**Work required:**
Only the lines from the one holding "Used 2023 MAZDA MAZDA3 s image 6" through the end of the material are to be repeated, exactly and without pictures.

**Provided data:**
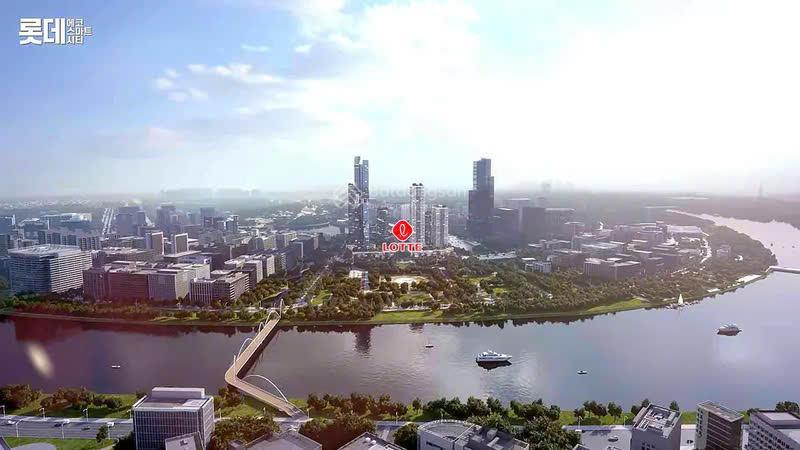 Eco smart city (thủ thiêm). chính thức liên doanh phát đạt  lotte. công bố hôm nay 26.5.2026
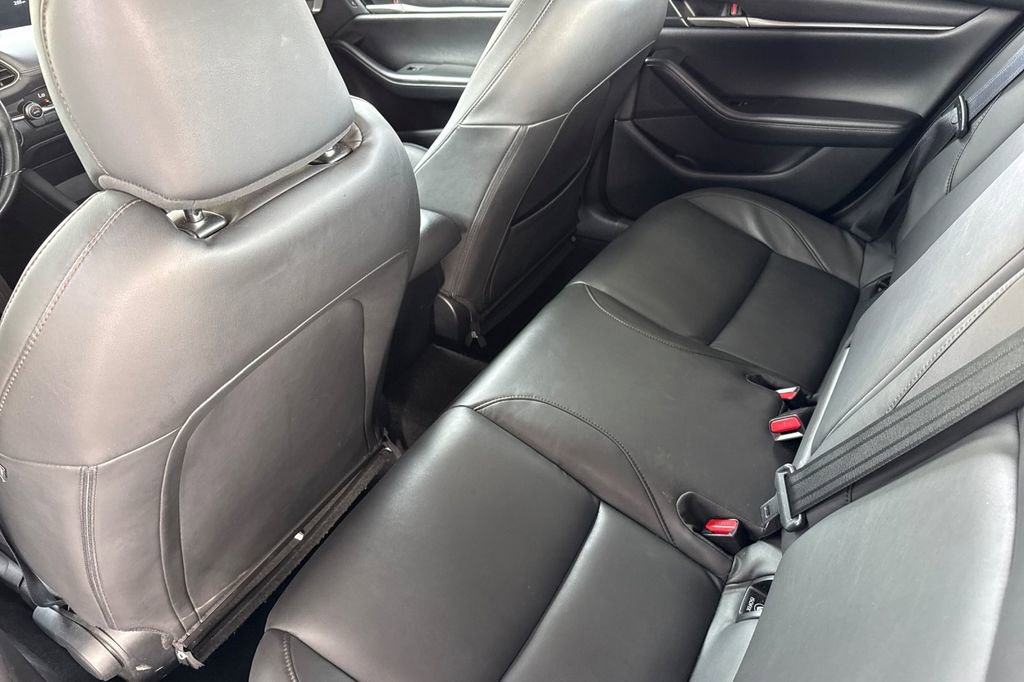 Used 2023 MAZDA MAZDA3 s image 6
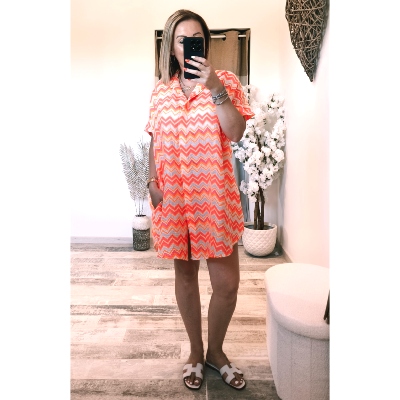 ROBE LILI-ROSE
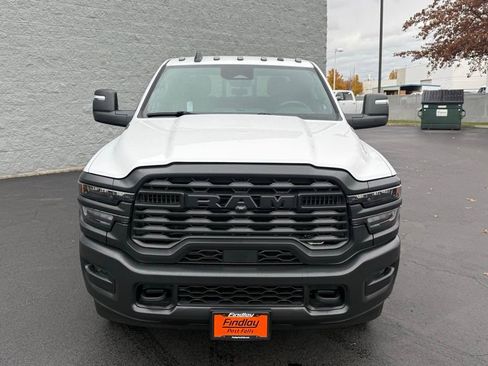 New 2026 RAM 3500 Tradesman image 2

**Output of the exercise:**
 Used 2023 MAZDA MAZDA3 s image 6
 ROBE LILI-ROSE
 New 2026 RAM 3500 Tradesman image 2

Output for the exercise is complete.